Plots error bars and confidence intervals for beta values of given CpGs. If a list of CpGs is given, they are plotted equidistantly. If a range of coordinates and a chromosome are given, then all CpGs inside the range are plotted and positioned on x-axis based on their chromosomal coordinate (from 5' end to 3' end). If the latter case, additional information can be displayed on the x-axis such as positions of unmeasured CpGs, positions of CpG islands and/or positions of genes and exons. If we are specifically interested in protein-coding or non-protein-coding genes, we can accordingly set the values of parameter `transcript_types`. The color for each genomic element can be changed with `col_cg`, `col_cgi` and `col_gene` parameters.

For error bars, the default plotted confidence interval represents distance of one standard deviation from the mean. This can be changed with `error_size` parameter. If we are interested only in certain beta values, we can restrict the y-axis with `beta_min` and `beta_max` parameters. Error bars are separately plotted for each group of samples and the color of each group is set with `col_groups` parameter. Groups of samples are defined in `sample_groups`. To better observe the methylation patterns, lines which connect mean methylation values can be added with `add_lines`.

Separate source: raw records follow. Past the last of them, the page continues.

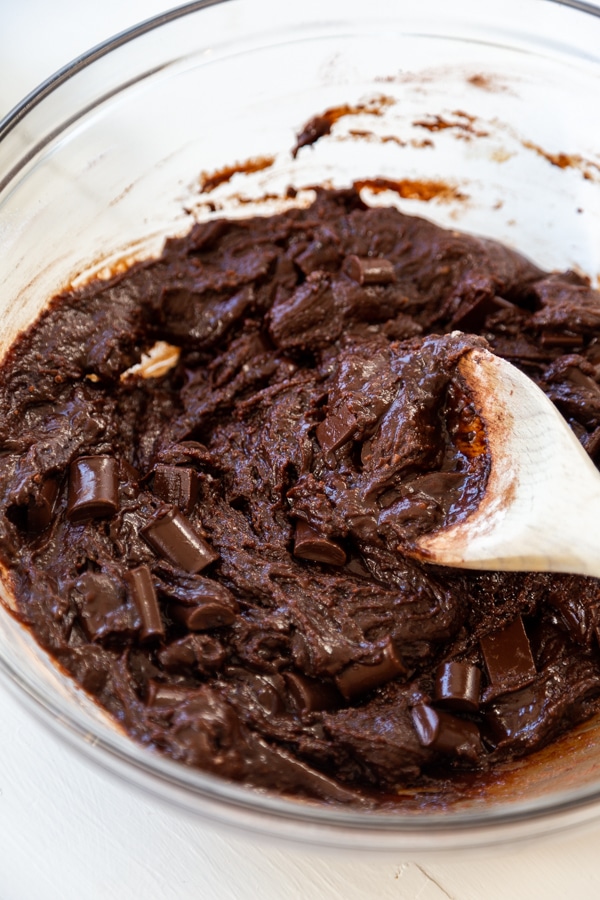 A spoon stirring brownie batter in a glass mixing bowl.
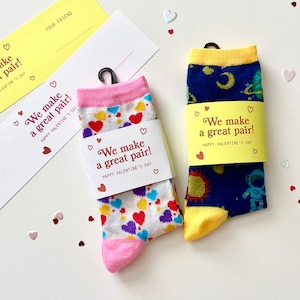 May include: Two pairs of Valentine's Day socks, one with a heart pattern and the other with a space theme. Each pair is wrapped with a band that reads "We make a great pair!" and "Happy Valentine's Day."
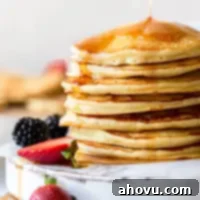 Maple syrup being poured onto a stack of pancakes on an antique white board with strawberries and blackberries surrounding it.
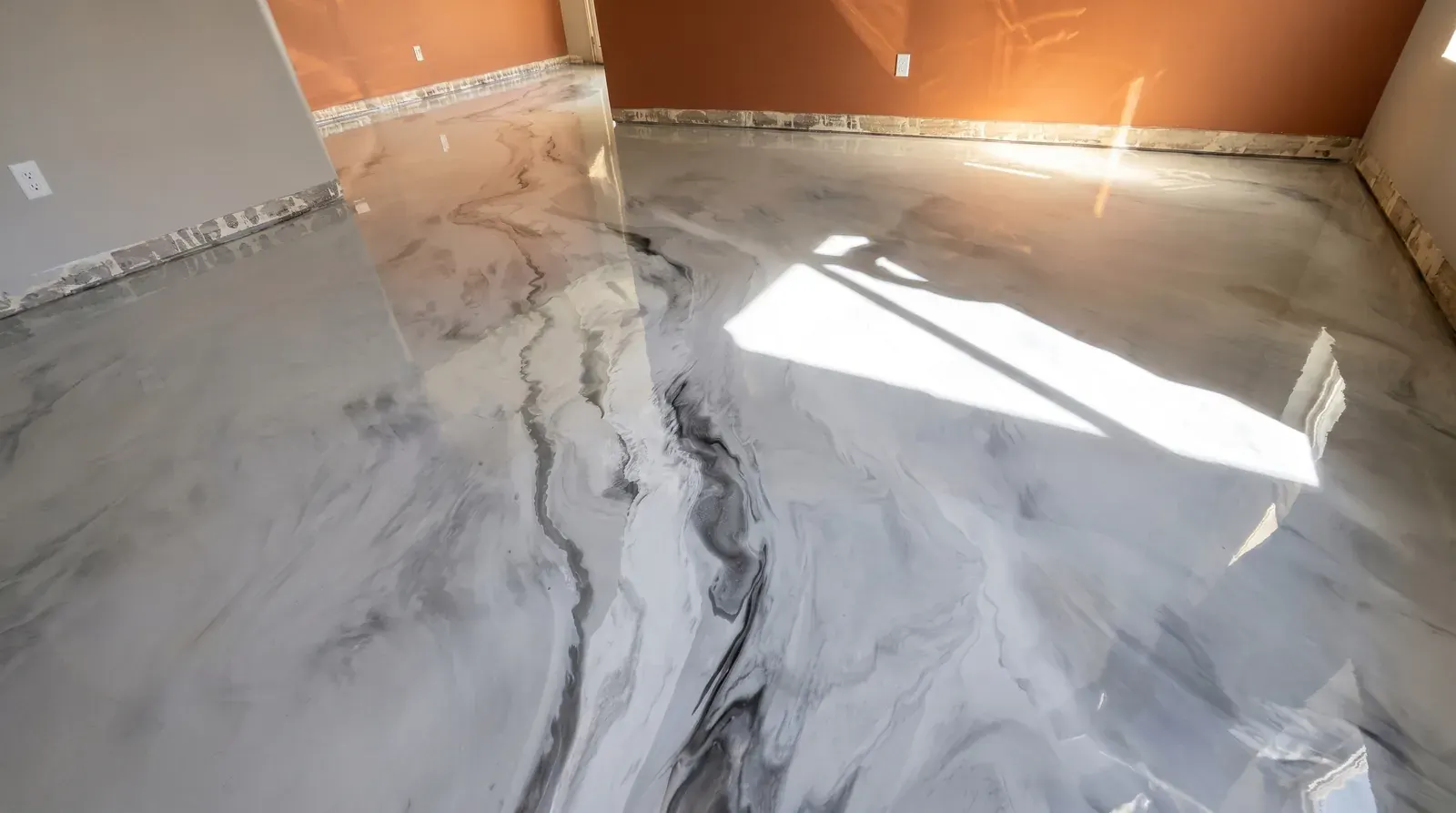 White and grey metallic marble epoxy floor installed in a living room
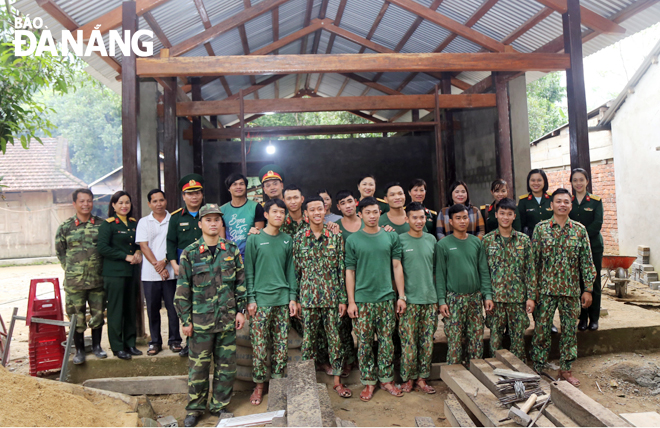 Đoàn công tác Lữ đoàn Thông tin 575 chụp ảnh lưu niệm trước công trình sửa chữa nhà anh Blup Trới, ở thôn Glêê, xã Tà Bhing, huyện Nam Giang.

Plotting area can be customized with `title`, `x_label` and `y_label`. Below the x-axis, names of CpG sites can be displayed setting `cg_names` to `TRUE`. In cg names are cluttered, we can expand them setting `cg_names_expand` factor to an appropriate numerical value. Usually this value is a number close to `1`. An increase of the expand factor will result in more separate labels. For the optimal separation, the best strategy is to try several different values until the right value is found. The size of all displayed text is regulated simultaneously with `text_cex` parameter.

The legend can be added to the plot with `plot_legend` parameter. There are two parts of the legend. Color legend for sample groups and the legend which explains the meaning of plotted genomic elements. The size of the whole legend is regulated with `legend_cex` parameter.

In some cases, error bars have values outside the `beta_min`-`beta_max` range. If `plot_outside` is `FALSE`, these values will be trimmed. Otherwise, they will be plotted. If `beta_min` is `0` and `beta_max` is `1`, there still may be values outside of the range. This happens for methylation values which are very close to `0` or `1` since the confidence interval is wider than the real methylation values. In this case, it is recommended for `plot_outside` to be set to `TRUE`.